Researchers use expensive machinery to develop ways to harness DNA as a synthetic raw material to store large amounts of digital information outside of living cells.
But what if they could coerce living cells, such as large populations of bacteria, to use their own genomes as a biological hard drive that can record information scientists could tap anytime? That approach not only could open entirely new possibilities of data storage, it could also be engineered into an effective memory device able to create a chronological record of cells’ molecular experiences during development or under exposure to stresses or pathogens.
In 2016, a team at the Wyss Institute for Biologically Inspired Engineering and Harvard Medical School (HMS) led by Wyss core faculty member George Church built the first molecular recorder based on the CRISPR system. The recorder allows cells to acquire bits of chronologically provided, DNA-encoded information that generate a memory in a bacterium’s genome. The information is stored as an array of sequences in the CRISPR locus and can be recalled and used to reconstruct a timeline of events.
“As promising as this was, we did not know what would happen when we tried to track about 100 sequences at once, or if it would work at all. This was critical since we are aiming to use this system to record complex biological events as our ultimate goal,” said Seth Shipman, a postdoctoral fellow working with Church and the study’s first author.
Now they know. In a study published today in Nature, the same team shows in foundational proof-of-principle experiments that developed further as a first-of-its-kind approach, the CRISPR system can encode information in living cells that is as complex as a digitized image of a human hand, reminiscent of early humans’ paintings on cave walls and a sequence of one of the first motion pictures made ever, Eadweard Muybridge’s film of a galloping horse.
The CRISPR system helps bacteria develop immunity against the constant onslaught of viruses in their environments. As a memory of survived infections, it captures viral DNA molecules and generates short “spacer” sequences from them, which it then adds as new elements upstream of previous elements in a growing array located in the bacterial genomes’ CRISPR locus. The CRISPR-Cas9 protein uses this memory to destroy the same viruses when they return. But other than Cas9, now famous as a widely used genome-engineering tool, other parts of the CRISPR system so far have not been much exploited.
“In this study, we show that two proteins of the CRISPR system, Cas1 and Cas2, that we have engineered into a molecular recording tool, together with new understanding of the sequence requirements for optimal spacers, enables a significantly scaled-up potential for acquiring memories and depositing them in the genome as information that can be provided by researchers from the outside, or that, in the future, could be formed from the cells natural experiences,“ said Church, the Robert Winthrop Professor of Genetics at Harvard Medical School and a Professor of Health Sciences and Technology at Harvard and MIT.
“Harnessed further, this approach could present a way to cue different types of living cells in their natural tissue environments into recording the formative changes they are undergoing into a synthetically created memory hotspot in their genomes,” he said.
The team used still and moving images because they represent constrained and clearly defined data sets; the movie also gave the bacteria a chance to acquire information frame by frame.

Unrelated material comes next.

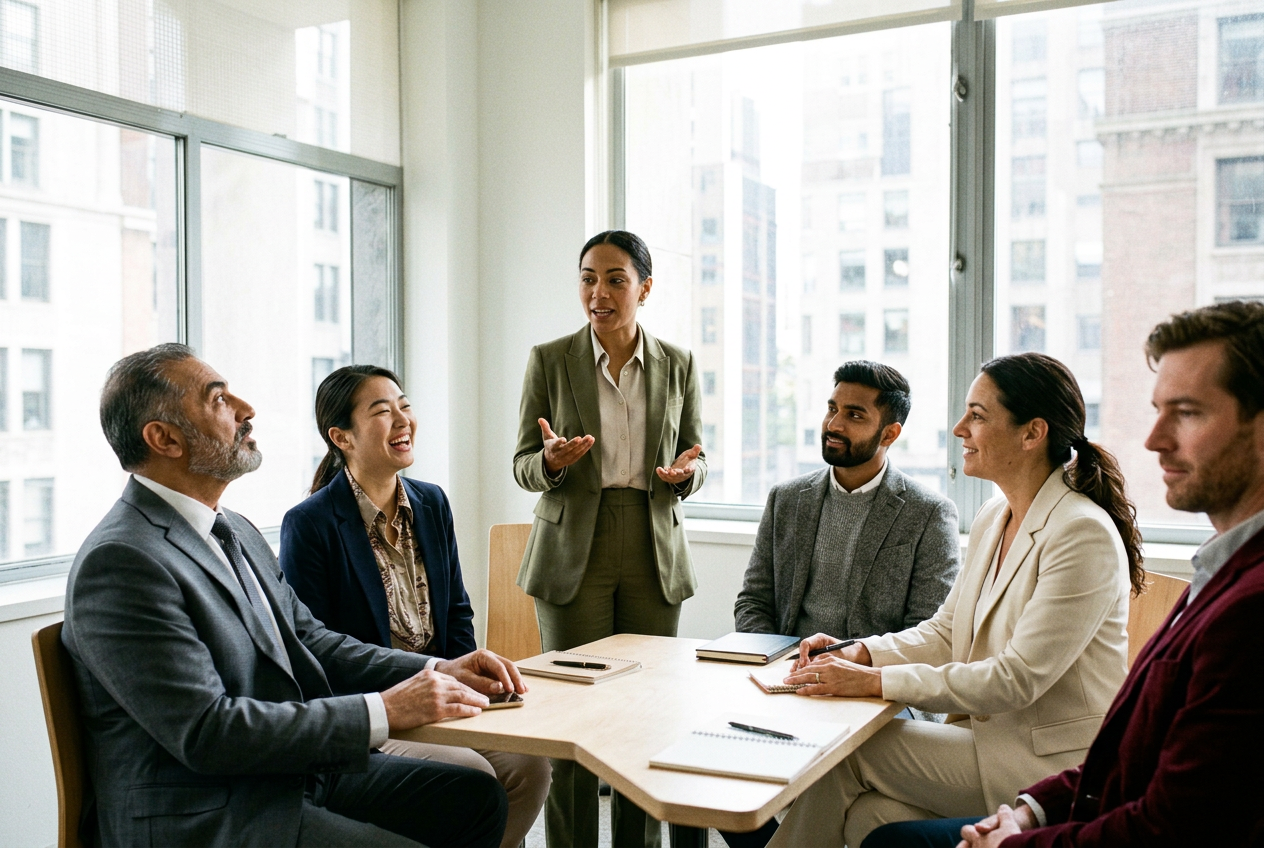 A CueWorks team member leading a morning coaching session with colleagues around a table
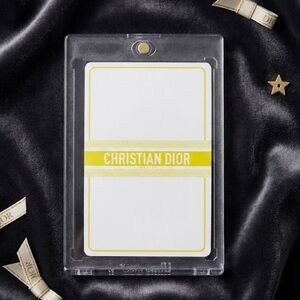 Christian Dior Paris Yellow 3 of Clubs Single Playing Card Collectors Piece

“We designed strategies that essentially translate the digital information contained in each pixel of an image or frame as well as the frame number into a DNA code, that, with additional sequences, is incorporated into spacers. Each frame thus becomes a collection of spacers,” Shipman said. “We then provided spacer collections for consecutive frames chronologically to a population of bacteria which, using Cas1/Cas2 activity, added them to the CRISPR arrays in their genomes. And after retrieving all arrays again from the bacterial population by DNA sequencing, we finally were able to reconstruct all frames of the galloping horse movie and the order they appeared in.”
Shipman and postdoctoral fellow Jeff Nivala, the study’s second author, defined a set of requirements they expect will make the spacer sequences easier to acquire, as well as sequence features that prevent their acquisition into growing CRISPR arrays.
In future work, the team will focus on establishing molecular recording devices in other cell types and on engineering the system to memorize biological information.
“One day, we may be able to follow all the developmental decisions that a differentiating neuron is taking from an early stem cell to a highly-specialized type of cell in the brain, leading to a better understanding of how basic biological and developmental processes are choreographed,” said Shipman. Ultimately, the approach could lead to better methods for generating cells for regenerative therapy, disease modeling, and drug testing.
The study was supported by grants from the National Institute of Mental Health, the National Human Genome Research Institute, the Simons Foundation Autism Research Initiative, the National Institute of Neurological Disorders and Stroke, Paul G. Allen Frontiers Group, and the Wyss Institute.